Speaking on an analyst call, Rita-Rose Gagne, Hammerson chief executive, said the company will “maintain a retail amenity core, but evolve the mix”.
“We have development opportunities, both on the existing sites and in the adjacent land bank we own. The most appealing and scalable is residential, but other sectors will be appropriate for specific assets,” she added.
In its half year report Hammerson said rent collection rates have continued to improve.
The company reported net rental income of £87.2m for the first six months of 2021, with collection rising to 71pc for the period.
Hammerson has received 65pc of rent for quarter three this year. Across the group, 90pc of billable rents have been collected for last year.
In Ireland, the group has collected 83pc of rent in respect of 2020. For the first half of this year, rent collection rates here are at 65pc.
The company said it has seen an “encouraging” pick up in leasing in the first half of the year. Leasing volumes at its flagships totalled £9.8m in the first half of this year, 123pc higher than the same period in 2020, and 17pc higher than the first half of 2019. The company said there is a “marked difference” in the underlying strength of the leasing demand across the group, with France and Ireland continuing to outperform the UK.

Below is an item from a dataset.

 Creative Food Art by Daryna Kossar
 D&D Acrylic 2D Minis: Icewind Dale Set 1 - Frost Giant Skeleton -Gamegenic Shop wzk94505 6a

Estimated rental value (ERV) has fallen by 29pc in the UK, 4pc in France and 14pc in Ireland relative to their peak levels in December 2017 for UK and France, and December 2018 for Ireland. The company expects UK rents to stabilise when ERV levels are approximately 35pc below their peak, with France and Ireland reporting “lower reductions”.
Hammerson provided rent waivers for lockdown periods during 2020 and 2021 totalling £41m. Last month the listed company said it does not expect to offer rent cuts or rent holidays to retailers in the future. The company went on to warn that “all avenues to collect rents due are being pursued”.